* [DATA]:
________
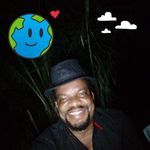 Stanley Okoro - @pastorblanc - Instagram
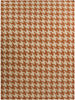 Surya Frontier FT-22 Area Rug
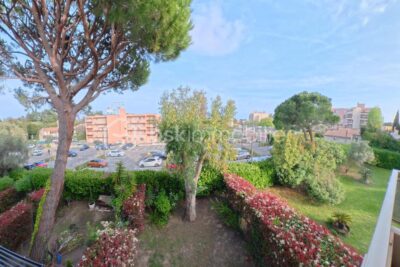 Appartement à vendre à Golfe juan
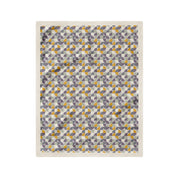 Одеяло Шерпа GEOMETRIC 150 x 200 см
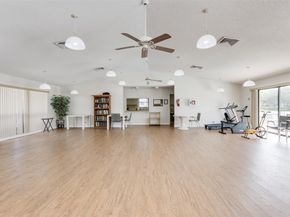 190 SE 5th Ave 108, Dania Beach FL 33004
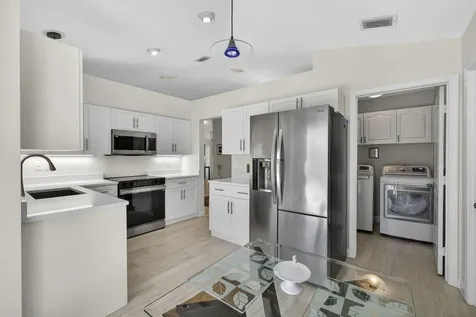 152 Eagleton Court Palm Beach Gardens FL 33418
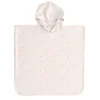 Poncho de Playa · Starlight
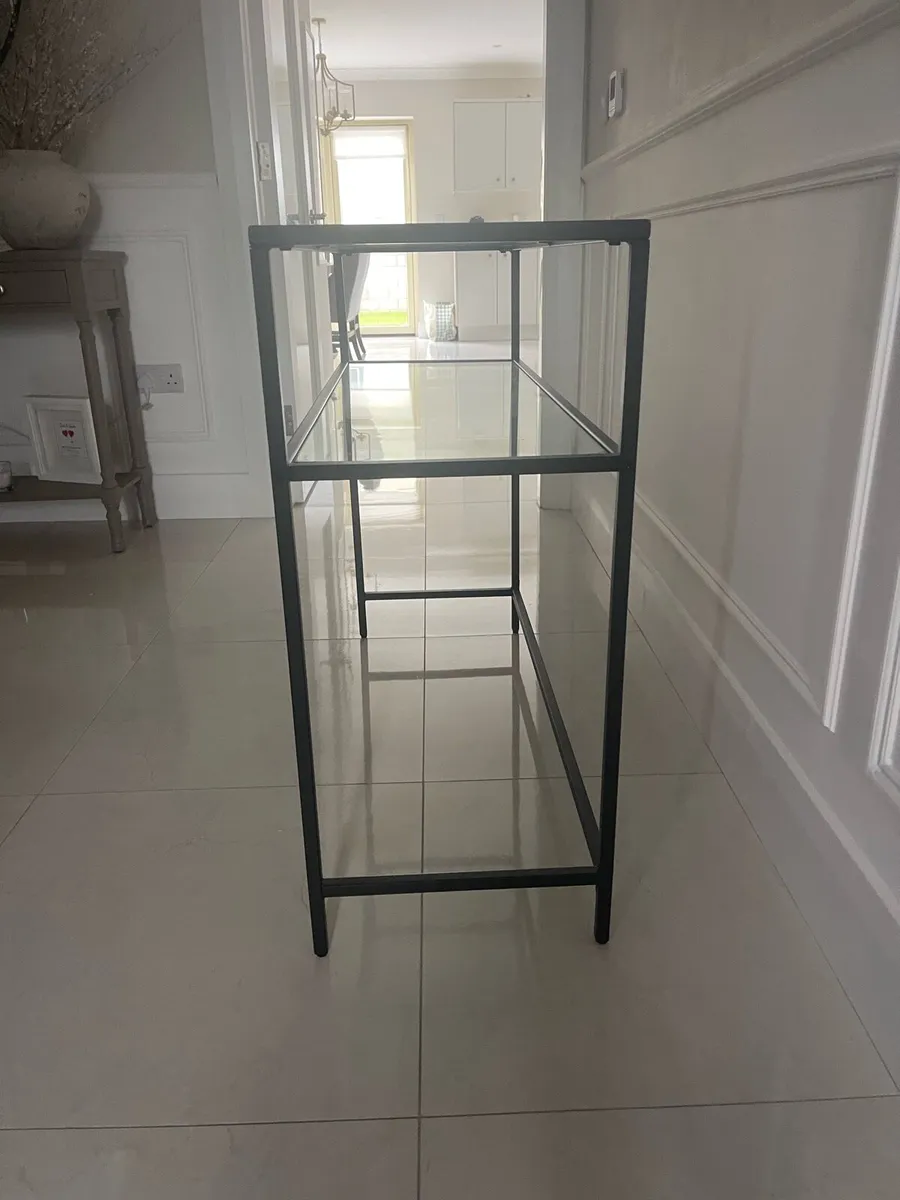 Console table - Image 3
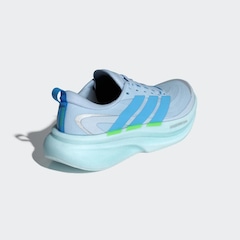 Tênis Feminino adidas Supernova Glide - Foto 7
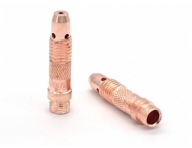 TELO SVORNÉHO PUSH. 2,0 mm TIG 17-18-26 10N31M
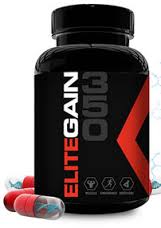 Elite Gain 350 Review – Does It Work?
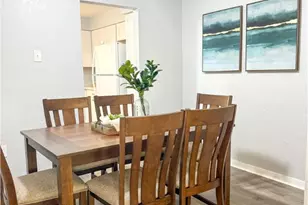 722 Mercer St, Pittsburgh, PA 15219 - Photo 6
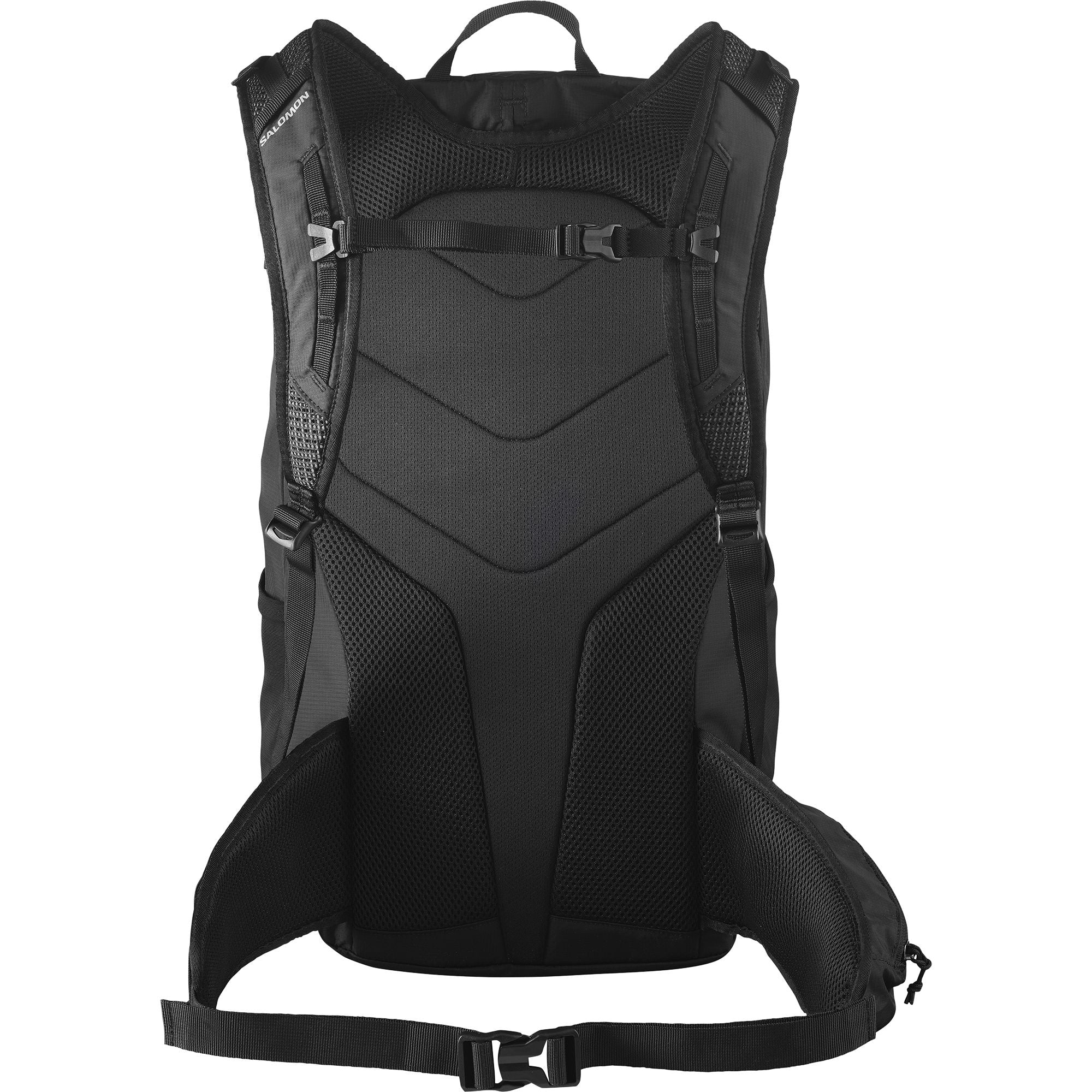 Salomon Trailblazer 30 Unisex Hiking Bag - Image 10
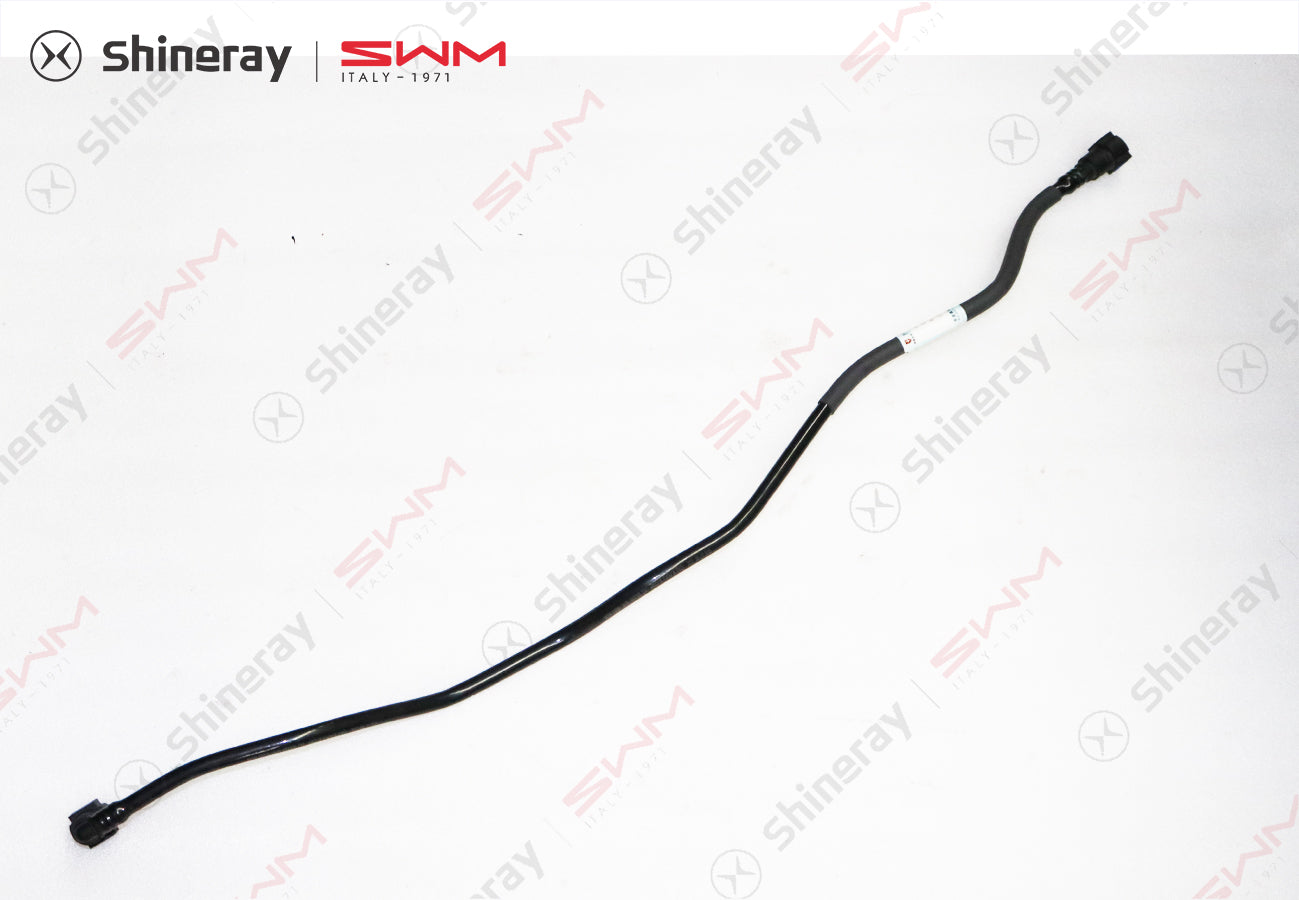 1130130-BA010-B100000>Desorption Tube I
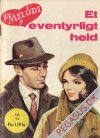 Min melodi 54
________
* [WHAT YOU NEED TO DO]: Starting at the line that contains "722 Mercer St, Pittsburgh, PA", retype each line through the final one in the listing, with both ends kept and the pictures omitted.

* [FINAL ANSWER]:
 722 Mercer St, Pittsburgh, PA 15219 - Photo 6
 Salomon Trailblazer 30 Unisex Hiking Bag - Image 10
 1130130-BA010-B100000>Desorption Tube I
 Min melodi 54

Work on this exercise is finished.